*** Opening Data in this exercise ***

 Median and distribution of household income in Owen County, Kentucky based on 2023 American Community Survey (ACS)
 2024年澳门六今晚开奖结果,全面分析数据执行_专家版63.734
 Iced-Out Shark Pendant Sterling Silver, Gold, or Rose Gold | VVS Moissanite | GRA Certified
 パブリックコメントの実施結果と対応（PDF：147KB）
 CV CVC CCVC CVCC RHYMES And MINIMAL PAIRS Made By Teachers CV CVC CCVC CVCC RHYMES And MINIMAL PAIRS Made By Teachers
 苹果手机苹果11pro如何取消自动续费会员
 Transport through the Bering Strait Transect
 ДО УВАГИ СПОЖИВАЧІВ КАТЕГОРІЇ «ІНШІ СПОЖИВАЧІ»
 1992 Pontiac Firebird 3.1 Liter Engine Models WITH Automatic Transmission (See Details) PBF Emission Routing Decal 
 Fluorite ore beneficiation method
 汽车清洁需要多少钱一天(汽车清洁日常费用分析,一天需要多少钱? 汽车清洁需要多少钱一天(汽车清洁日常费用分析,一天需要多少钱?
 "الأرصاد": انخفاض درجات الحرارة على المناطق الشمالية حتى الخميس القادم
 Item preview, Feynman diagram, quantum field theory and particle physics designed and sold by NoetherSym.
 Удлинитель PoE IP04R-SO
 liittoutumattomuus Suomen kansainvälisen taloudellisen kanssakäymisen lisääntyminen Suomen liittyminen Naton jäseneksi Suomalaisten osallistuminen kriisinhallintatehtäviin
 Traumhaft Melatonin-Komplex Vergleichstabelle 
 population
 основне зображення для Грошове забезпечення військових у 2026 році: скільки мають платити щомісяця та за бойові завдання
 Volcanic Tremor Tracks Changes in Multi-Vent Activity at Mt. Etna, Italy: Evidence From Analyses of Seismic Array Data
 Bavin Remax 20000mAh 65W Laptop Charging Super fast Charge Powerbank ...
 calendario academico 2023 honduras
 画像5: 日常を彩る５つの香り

*** Closing Data in this exercise ***

Only the lines from the one containing "1992 Pontiac Firebird" through the last line above belong in your answer. Retype them exactly.

### Written solution
 1992 Pontiac Firebird 3.1 Liter Engine Models WITH Automatic Transmission (See Details) PBF Emission Routing Decal 
 Fluorite ore beneficiation method
 汽车清洁需要多少钱一天(汽车清洁日常费用分析,一天需要多少钱? 汽车清洁需要多少钱一天(汽车清洁日常费用分析,一天需要多少钱?
 "الأرصاد": انخفاض درجات الحرارة على المناطق الشمالية حتى الخميس القادم
 Item preview, Feynman diagram, quantum field theory and particle physics designed and sold by NoetherSym.
 Удлинитель PoE IP04R-SO
 liittoutumattomuus Suomen kansainvälisen taloudellisen kanssakäymisen lisääntyminen Suomen liittyminen Naton jäseneksi Suomalaisten osallistuminen kriisinhallintatehtäviin
 Traumhaft Melatonin-Komplex Vergleichstabelle 
 population
 основне зображення для Грошове забезпечення військових у 2026 році: скільки мають платити щомісяця та за бойові завдання
 Volcanic Tremor Tracks Changes in Multi-Vent Activity at Mt. Etna, Italy: Evidence From Analyses of Seismic Array Data
 Bavin Remax 20000mAh 65W Laptop Charging Super fast Charge Powerbank ...
 calendario academico 2023 honduras
 画像5: 日常を彩る５つの香り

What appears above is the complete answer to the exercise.